Election '09: Inside the mayoral campaign parties

Two Crosscut writers, having declared their political druthers, report from last night's events.
Crosscut archive image.

Mike McGinn talks with reporters on Election Night

Two Crosscut writers, having declared their political druthers, report from last night's events.

Among the Crosscut contributors working the Election Night parties were several who have declared their support for a particular candidate or spent time volunteering for a campaign.

With that disclosure, here is a report from inside mayoral candidate Joe Mallahan's gathering, by Crosscut's Judy Lightfoot, and a photo, at right, of Mike McGinn being interviewed by reporters, taken by Crosscut's Matt Fikse.

From Lightfoot:

At the Mallahan party, network newshounds are struggling to deal with a mail-in-ballot election's dearth of TV-worthy hoopla. The narrative that TV reporters seem to have anxiously cobbled together for tonight is that there's no narrative tonight, so they prompt guest after guest to talk about how little there is to talk about. "Say something about when we voted at the polls in the morning and got results that night.
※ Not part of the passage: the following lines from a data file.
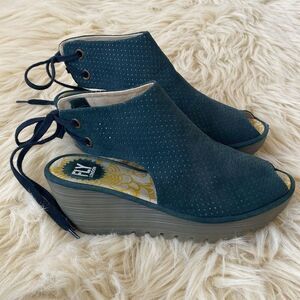 Fly London Lace-up Leather Bootie/sandals, clean soles. A few times.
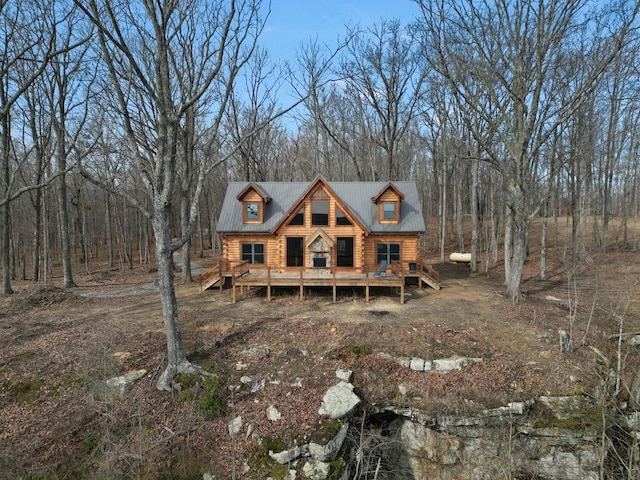 rear view of property with a wooden deck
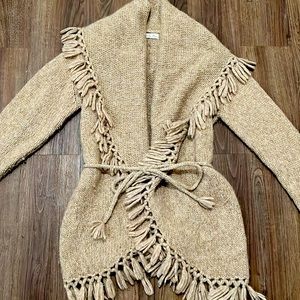 LoveShackFancy cable-knit sweater.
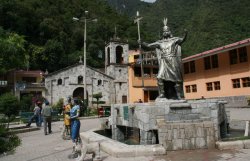 Statue of Pachacutec and town cathedral from the main square in Aguas Calientes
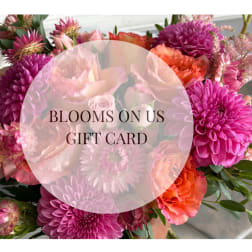 Gift card over a bouquet of pink, orange, and peach flowers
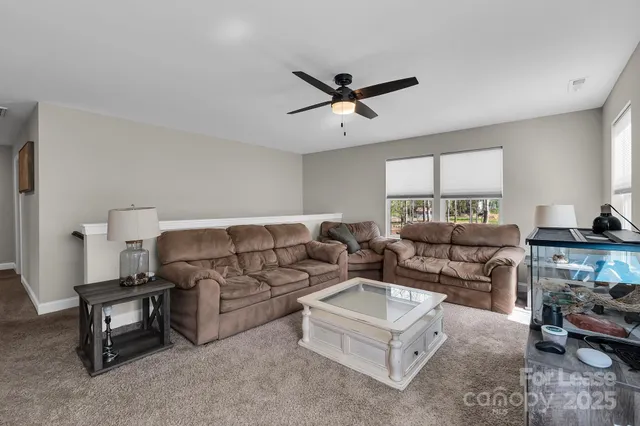 a bathroom with a sink a mirror and vanity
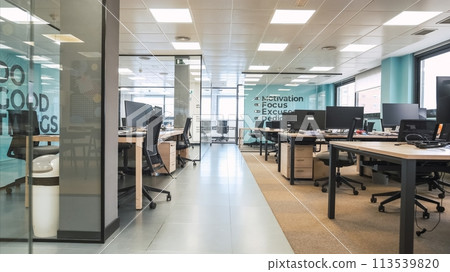 Interior of bright creative workspace with computer desks 113539820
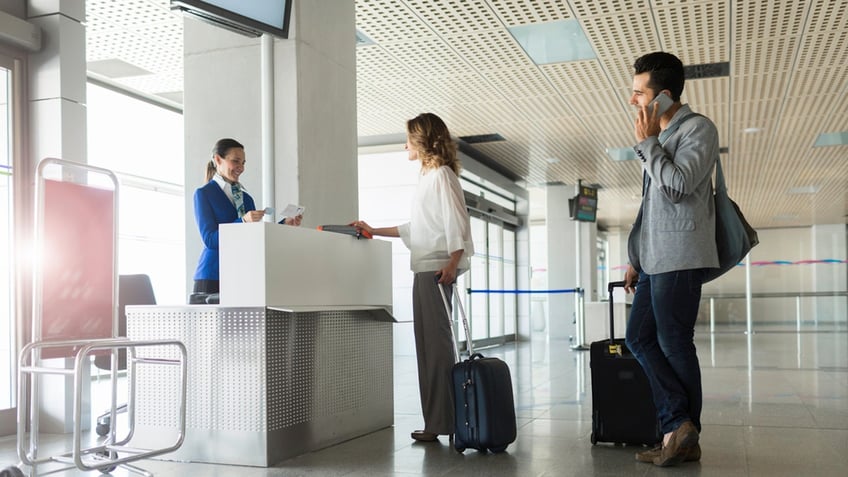 couple in line with gate agent at airport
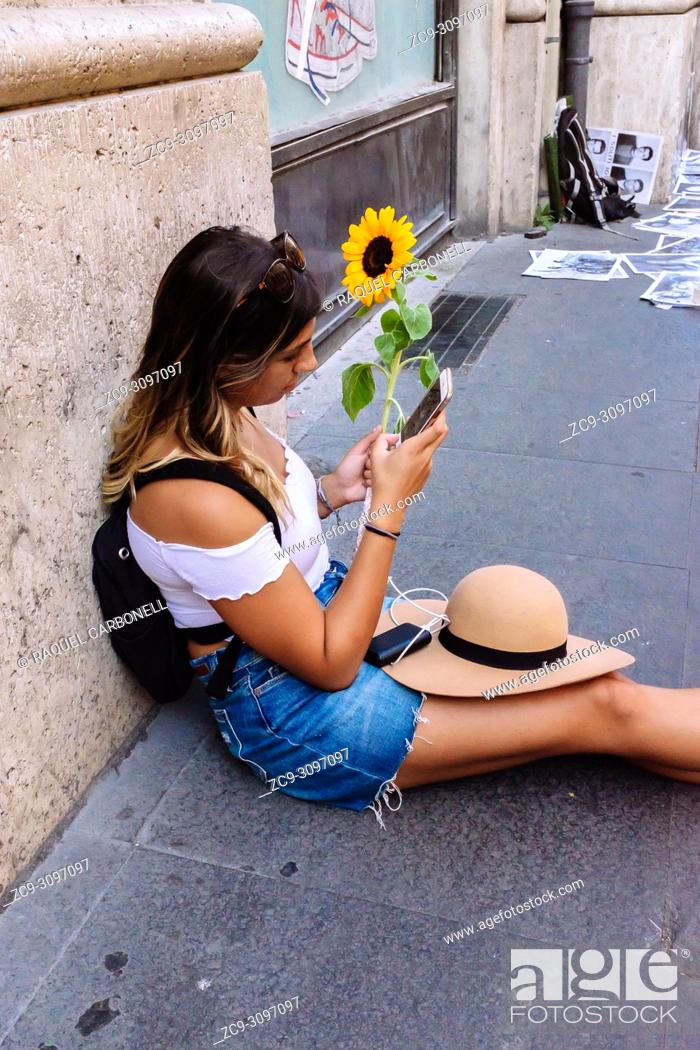 Stock Photo: Young girl sit on the street looking at her mobile phone while holding an small sunflower in her hand, Rome, Lazio region, Italy.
Wasn't it better? Don't you want to go back to the good old days, when an election was exciting? When there was a narrative? There's no narrative tonight, is there! Is there?"

At 8:15 p.m., when 25 percent of the ballots had been counted, McGinn was 910 votes ahead. At that point Mallahan arrived to thank his supporters and saw the crowd crammed into a space far too small for it. "Boy, we spared no expense on the room, huh?" he laughed. Then: "We're down by 1 percent. It's a Seattle tradition — we never have blowout elections. Final results won't be in for several days, but I want a planeload of you down in Miami to do the recount."

Mallahan asked the crowd for a moment of silent prayer for slain police officer Timothy Brenton. Then he offered his own prayer for Brenton, his family, his fellow officers, and the people of Seattle, concluding, "Amen. Let the church say amen!" "Amen!" echoed the crowd. Dawn Mason, one of Mallahan's most ardent supporters, shouted, "He's been in the black community's churches, can you tell?"